Thursday, April 20, 2006

The Canon #6

Built To Spill - "Velvet Waltz"

When I was young enough to believe that a band could save my life, Built To Spill saved my life. What did they save me from exactly? Not hyperbole. They simply gave me much-needed solace in the form of sublime guitar symphonies. Built To Spill's music is simultaneously epic and intimate. Their songs have always taken lofty themes like dreams, eternity, space, the loss of innocence, and the ugly side of human nature, and dealt with them on a very personal level.

"Velvet Waltz" is Built To Spill at the peak of their abilities. Set to a 3/4 waltz beat (duh), the song's lucid melody chimes in as Doug Martsch laments: "If there's a word for you/it doesn't" mean anything/I've got some words for you/They don't offer anything." As the verse progresses, the pace quickens and a cello and moog synthesizer materialize inside the dense swirl of guitar - creating a thick fever dream of song. Around the 5 minute mark, the lyrics come to an abrupt end as Doug proclaims: "but how could you have known/the temperature, the distance to the sun." Almost immediately, Doug and Bret Netson's guitars start erupting into astral flares - searing peels of melodic feedback bleeding everywhere.

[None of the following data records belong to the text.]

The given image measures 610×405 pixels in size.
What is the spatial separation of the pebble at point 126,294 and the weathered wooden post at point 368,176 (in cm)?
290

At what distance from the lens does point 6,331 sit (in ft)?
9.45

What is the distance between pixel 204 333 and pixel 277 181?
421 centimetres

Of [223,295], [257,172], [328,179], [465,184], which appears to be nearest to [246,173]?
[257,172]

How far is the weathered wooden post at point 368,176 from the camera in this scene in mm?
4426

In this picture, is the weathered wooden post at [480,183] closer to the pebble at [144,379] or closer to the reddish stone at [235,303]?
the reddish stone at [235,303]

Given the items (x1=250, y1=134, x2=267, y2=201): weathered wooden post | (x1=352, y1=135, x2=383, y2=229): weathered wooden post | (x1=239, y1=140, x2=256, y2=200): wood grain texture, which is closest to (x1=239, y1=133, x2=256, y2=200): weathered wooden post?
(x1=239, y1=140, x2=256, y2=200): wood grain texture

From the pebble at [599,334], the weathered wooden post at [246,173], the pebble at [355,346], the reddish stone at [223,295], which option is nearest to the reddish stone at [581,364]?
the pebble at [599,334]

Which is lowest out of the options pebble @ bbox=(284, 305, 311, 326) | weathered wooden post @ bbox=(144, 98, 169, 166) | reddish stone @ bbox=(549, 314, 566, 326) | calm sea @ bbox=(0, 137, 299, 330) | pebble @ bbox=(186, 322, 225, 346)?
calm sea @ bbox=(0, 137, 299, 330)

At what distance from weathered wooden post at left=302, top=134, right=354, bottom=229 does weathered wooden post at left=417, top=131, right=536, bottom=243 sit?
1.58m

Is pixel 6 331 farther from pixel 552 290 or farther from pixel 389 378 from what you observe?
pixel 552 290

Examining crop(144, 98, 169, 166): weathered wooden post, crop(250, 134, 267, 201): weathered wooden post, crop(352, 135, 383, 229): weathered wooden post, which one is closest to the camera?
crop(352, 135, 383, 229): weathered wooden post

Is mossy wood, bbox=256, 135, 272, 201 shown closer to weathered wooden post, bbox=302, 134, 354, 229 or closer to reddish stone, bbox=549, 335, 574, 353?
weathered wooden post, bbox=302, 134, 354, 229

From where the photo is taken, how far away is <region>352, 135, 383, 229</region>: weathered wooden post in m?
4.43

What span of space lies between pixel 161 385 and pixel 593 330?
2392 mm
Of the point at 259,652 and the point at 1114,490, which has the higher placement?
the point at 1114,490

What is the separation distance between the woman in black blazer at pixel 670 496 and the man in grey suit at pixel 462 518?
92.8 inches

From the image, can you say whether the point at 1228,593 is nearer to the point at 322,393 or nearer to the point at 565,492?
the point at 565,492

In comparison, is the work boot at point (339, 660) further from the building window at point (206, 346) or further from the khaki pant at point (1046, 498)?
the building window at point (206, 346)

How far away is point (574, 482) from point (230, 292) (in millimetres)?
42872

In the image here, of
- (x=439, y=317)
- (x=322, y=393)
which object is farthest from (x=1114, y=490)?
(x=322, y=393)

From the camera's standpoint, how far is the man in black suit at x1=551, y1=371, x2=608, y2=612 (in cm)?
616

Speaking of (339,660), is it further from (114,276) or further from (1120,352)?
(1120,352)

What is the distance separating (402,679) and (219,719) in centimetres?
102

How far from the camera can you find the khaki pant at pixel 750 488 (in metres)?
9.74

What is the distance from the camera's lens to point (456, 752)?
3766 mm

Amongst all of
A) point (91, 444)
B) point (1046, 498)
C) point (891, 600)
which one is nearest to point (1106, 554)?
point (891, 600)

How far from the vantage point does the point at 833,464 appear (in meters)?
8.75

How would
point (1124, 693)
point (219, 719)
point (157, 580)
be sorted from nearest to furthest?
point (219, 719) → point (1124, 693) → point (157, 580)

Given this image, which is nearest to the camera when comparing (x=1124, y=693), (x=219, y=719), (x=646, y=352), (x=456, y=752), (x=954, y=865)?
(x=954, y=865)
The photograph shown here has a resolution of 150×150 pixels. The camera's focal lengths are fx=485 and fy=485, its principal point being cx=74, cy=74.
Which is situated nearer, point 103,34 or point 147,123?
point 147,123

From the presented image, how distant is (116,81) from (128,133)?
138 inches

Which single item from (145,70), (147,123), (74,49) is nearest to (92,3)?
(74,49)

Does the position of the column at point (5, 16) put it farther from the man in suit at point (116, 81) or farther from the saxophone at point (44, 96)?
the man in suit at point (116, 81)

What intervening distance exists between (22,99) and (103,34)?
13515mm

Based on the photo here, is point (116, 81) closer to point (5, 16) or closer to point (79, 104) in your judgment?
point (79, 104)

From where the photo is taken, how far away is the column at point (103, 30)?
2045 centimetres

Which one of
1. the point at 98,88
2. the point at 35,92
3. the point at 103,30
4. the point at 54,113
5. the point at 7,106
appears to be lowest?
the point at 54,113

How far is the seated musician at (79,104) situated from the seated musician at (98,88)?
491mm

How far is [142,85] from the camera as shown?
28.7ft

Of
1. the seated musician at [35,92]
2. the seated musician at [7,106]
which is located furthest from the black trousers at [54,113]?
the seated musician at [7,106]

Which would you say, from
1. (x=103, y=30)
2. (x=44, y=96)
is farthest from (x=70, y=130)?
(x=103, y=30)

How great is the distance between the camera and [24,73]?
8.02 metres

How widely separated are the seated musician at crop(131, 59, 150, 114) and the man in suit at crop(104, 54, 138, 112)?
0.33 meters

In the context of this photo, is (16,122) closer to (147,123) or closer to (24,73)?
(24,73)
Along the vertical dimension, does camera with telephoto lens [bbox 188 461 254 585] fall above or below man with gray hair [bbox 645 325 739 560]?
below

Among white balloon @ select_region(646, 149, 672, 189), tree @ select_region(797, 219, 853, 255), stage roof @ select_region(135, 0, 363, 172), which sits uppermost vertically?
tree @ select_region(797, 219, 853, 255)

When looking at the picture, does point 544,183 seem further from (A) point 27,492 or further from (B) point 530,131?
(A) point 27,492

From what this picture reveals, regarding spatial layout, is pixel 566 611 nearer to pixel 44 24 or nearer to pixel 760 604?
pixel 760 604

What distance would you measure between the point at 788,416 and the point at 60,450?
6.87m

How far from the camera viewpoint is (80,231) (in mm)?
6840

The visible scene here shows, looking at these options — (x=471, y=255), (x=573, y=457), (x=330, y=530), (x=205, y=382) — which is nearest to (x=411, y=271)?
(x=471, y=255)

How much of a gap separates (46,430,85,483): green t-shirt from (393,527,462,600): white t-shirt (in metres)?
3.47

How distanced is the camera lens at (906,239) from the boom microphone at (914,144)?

The rhythm section holds everything together at that steady waltz time as Doug and Bret continue to create the aural equivalent of staring at the sun.

Listening to this on my headphones or in my car over and over again probably never had any effect on my lifespan, but, at the very least, it put some beauty and wonder into my life.

Video for Wolf Parade's "Modern World"

Tuesday, April 18, 2006

Heavy Rotation

Here is a short list of songs that I can't seem to get enough of lately (in no particular order):

Liars - "The Other Side of Mt. Heart Attack": When I first heard this song, I was completely blind-sided. I found the whole of Drum's Not Dead to be an engaging, innovative, and strangely hypnotic album, but, this song went straight for my heartstrings. It is a gorgeous, droning lullaby in the vein of Jeff Buckley's cover of "Hallelujah" with lyrics that leave no room for misinterpretation. In his most tender falsetto, Angus Andrew repeatedly promises "If you need me/I can always be found/If you want me to stay/I will stay by your side/And I want you to find me - so I'll stay by your side." Given the fact that his ex-girlfriend Karen O wrote the song "Maps" for him, it is very reasonable to suspect that Angus wrote this song as a loving response.

Built to Spill - "Liar" and "Saturday": I wanted to list both these songs because they seem to compliment each other so well on You In Reverse. Like some of the best Smiths songs, their jangly melodies belie their depth and complexity. It takes about 5 listens for the surface simplicity to wear away and reveal the intricate guitarwork and radiant melodies streaming from each song. It's not just the guitar-playing that is superb. Doug's vocals also supply many subtle treats: the way he gently intones "Look out, the world's destroyin' ya/Relax, it isn't fair" in "Liar," and the way his voice lilts when he sings "you waited for my birthday" in "Saturday."

Sunset Rubdown - "Stadiums and Shrines II": This song's spiralling, ascending guitar lines and triumphant melody remind me of the way Johnny Greenwood used to play. Spencer Krug counter-balances those guitars with his trademark technicolor keyboards and assertively pleads his cryptic case. About two-third's of the way through, the band pulls back and slows the tempo while Spencer mutters "I'm sorry that anybody dies at all these days," and, then, the guitar and keyboards interlock and return to the forefront - taking the song to a dizzying headrush of a finale.

Tom Verlaine - "The Day On You": Tom Verlaine must be the most nimble guitarist out there. With his dazzling, silver spitcurls of guitar, he wrings every last ounce of potential from the six-string. This standout track from Songs and Other Things rumbles along for six glorious minutes and provides ample proof that Tom has lost none of his formidable gifts. Even his voice still sounds young and lean.

Danielson - "Sitting Ducks": Danielson has been around for some time, but, his new album, Ships, is head and shoulders above his past work. He also co-founded the Asthmatic Kitty label with his buddy Sufjan Stevens - so there are musical similarities to be found. At different points, this tracks recalls Animal Collective's poppier moments, the White Stripes' playful outbursts, the Arcade Fire in general, and the aforementioned Sufjan. Within this song, all of these sounds flow seamlessly, and, are presented in a kaleidoscopic suite that you won't be able to get out of your head.